The trial court did not improperly consider marital fault when it found as a distribution factor that the defendant wasted and devalued marital assets following separation because of his use of illicit drugs. The trial court could rely on the plaintiff's inventory affidavit as evidence where the defendant failed to participate in pretrial conferences, failed to appear for trial, and failed to object when plaintiff requested during trial that the trial court admit the affidavit into evidence and to accept the facts alleged in the affidavit.
The court of appeals held that the admitted affidavits were, in effect, the pretrial orders of the court, and the trial court could accept the facts to support the findings it made in the final judgment. The trial court did not err by failing to include a finding in the judgment as to the total value of the marital estate when the total value could be easily ascertained based on the findings and conclusions in the judgment regarding the value of the marital property and marital debt.
The plaintiff wife filed this action for equitable distribution and the defendant husband filed an answer. However, he thereafter failed to appear for any scheduling or pretrial conference, failed to file an inventory affidavit, and failed to appear at trial. The trial court entered an equitable distribution judgment, ordering an unequal distribution in favor of the wife. The defendant appealed. Defendant argued that the trial court inappropriately considered marital fault in determining that an unequal distribution was equitable. The trial court found that, because of the defendant's use of illicit drugs, he allowed the marital business to deteriorate during separation and failed to assist plaintiff in paying marital debt during separation. The trial court also found that plaintiff maintained the marital estate during separation by paying the marital debt, including paying the mortgage on the residence where defendant resided during separation.
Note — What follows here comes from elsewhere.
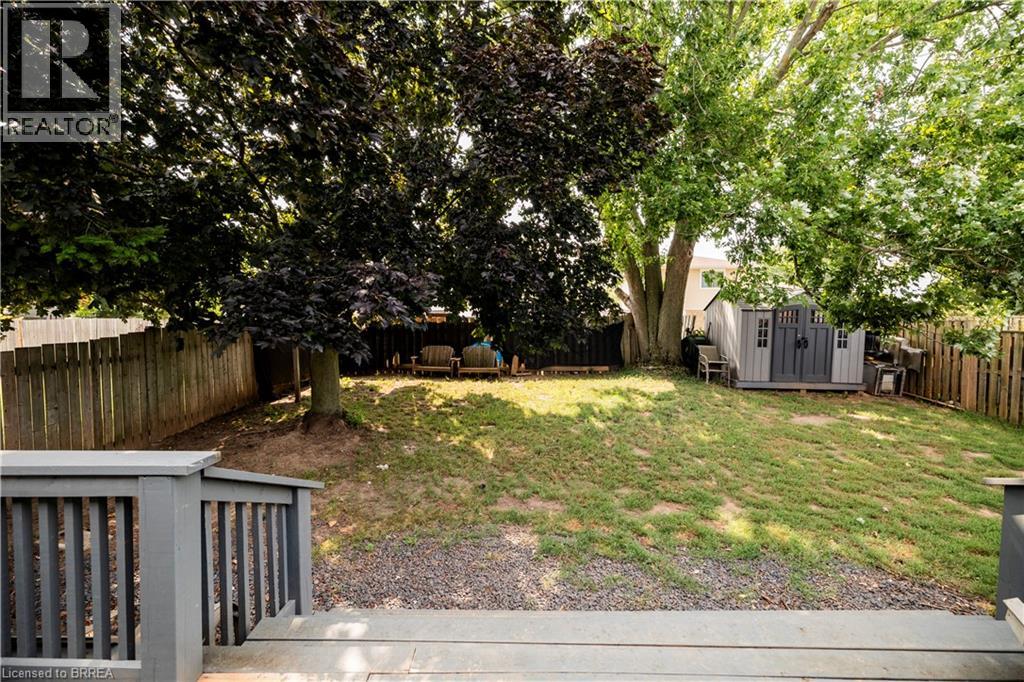 Photo 3 of 10 Garden Crescent, Paris ON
The court of appeals rejected defendant’s argument, pointing to GS 50-20(c)(11a) which allows the trial court to consider “acts of either party to maintain, preserve, develop, or expand; or to waste, neglect, devalue or convert the marital property or divisible property, during the period after separation of the parties and before the time of distribution” as a factor when determining whether the estate should be divided unequally. Because the findings regarding the defendant's drug use related to his failure to preserve marital property during separation, they were not an inappropriate consideration of marital fault.
The defendant also argued that findings made by the trial court regarding the classification of certain property and the value of marital debt were not supported by evidence. The court of appeals rejected this argument as well, finding that the trial court relied on allegations contained in the plaintiff's inventory affidavit to support the findings of fact in the judgment. The affidavit had been introduced at trial with a request by the plaintiff that the facts alleged in the affidavit be 20 accepted. Because the defendant did not object to the introduction and acceptance of the affidavit, the court of appeals held that the trial court properly treated the affidavit as a pretrial order, establishing the facts alleged therein.